Spur-winged Lapwing (Hoplopterus spinosus)

Spur-winged Lapwing

[order] CHARADRIIFORMES | [family] Charadriidae | [latin] Hoplopterus spinosus | [UK] Spur-winged Lapwing | [FR] Vanneau a eperons | [DE] Spornkiebitz | [ES] Avefria espolonoda | [NL] Sporenkievit


Monotypic species

Physical charateristics

These are conspicuous and unmistakable birds. They are medium-large waders with black crown, chest, foreneck stripe and tail. The face, the rest of the neck and belly are white and the wings and back are light brown. The bill and legs are black. Its striking appearance is supplemented by its noisy nature, with a loud did-he-do-it call.

Listen to the sound of Spur-winged Lapwing

[audio:http://www.aviflevoland.nl/sounddb/S/Spur-winged Lapwing.mp3]

Copyright remark: Most sounds derived from xeno-canto

wingspan min.: 69 cm wingspan max.: 81 cm
size min.: 25 cm size max.: 27 cm
incubation min.: 22 days incubation max.: 24 days
fledging min.: 50 days fledging max.: 24 days
broods: 1   eggs min.: 3  
      eggs max.: 5  


Africa : East, Central, West, also Middle East


The species frequents dry ground close to fresh or saline pools, lakes, rivers, lagoons or marshes as well as burnt grassland, cultivated, flooded or irrigated fields (e.g. rice-paddies), saltflats by alkaline lakes, mudflats, sandflats, beaches, dunes and coastal saltpans.


In tropical Africa, laying dates usually locally restricted, but great geographical variation. In Israel April-July, Greece late April-May. Monogamous. Nests solitarily or in loose colonies. Territory aggressively defended against most other bird species, especially waders. Territory sometimes occupied year round. Nest on bare, dry ground, usually a shallow scrape, unlined or lined with grass or other plant material and debris, or with a rim of earth, small shells or stones. 2-4 eggs, often lays second clutch, and sometimes third, incubation by female while male tends chicks of first clutch. Chick cinnamon buff above, mottled grey and streaked black,with cheeks buff and hindneck white, lacks hind toe. The young fledgeafter 7-8 weeks.

Feeding habits

Its diet consists predominantly of adult and larval insects (e.g. beetles, grasshoppers, Diptera, midges, termites and ants) as well as spiders, centipedes, millipedes and occasionally crustaceans, molluscs, small lizards, tadpoles, adult frogs, fish and seeds.

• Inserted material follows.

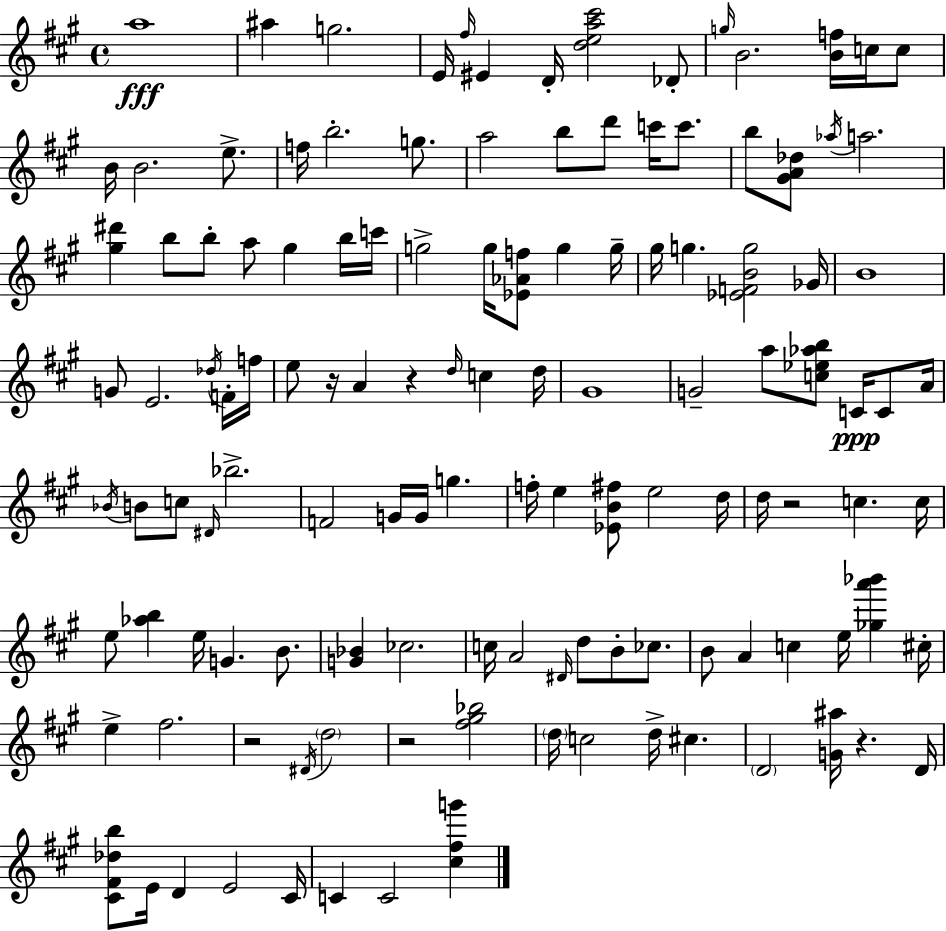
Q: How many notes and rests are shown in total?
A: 125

This species has an extremely large range, and hence does not approach the thresholds for Vulnerable under the range size criterion (Extent of Occurrence <20,000 km2 combined with a declining or fluctuating range size, habitat extent/quality, or population size and a small number of locations or severe fragmentation). The population trend appears to be increasing, and hence the species does not approach the thresholds for Vulnerable under the population trend criterion (>30% decline over ten years or three generations). The population size is very large, and hence does not approach the thresholds for Vulnerable under the population size criterion (<10,000 mature individuals with a continuing decline estimated to be >10% in ten years or three generations, or with a specified population structure). For these reasons the species is evaluated as Least Concern.
Spur-winged Lapwing status Least Concern


African breeding populations are largely sedentary but may make irregular local movements (e.g. to drier areas during the rains) although it does not appear to be very sensitive to seasonal changes in water-level. Breeders in the eastern Mediterranean region are fully migratory however and disperse south to Africa for the winter. The species nests from March to September in West Africa and in the eastern Mediterranean region, the timing of breeding varying geographically elsewhere. It nests in solitary pairs or loose colonies and outside of the breeding season flocks of up to 15 (occasionally up to 200) individuals may occur.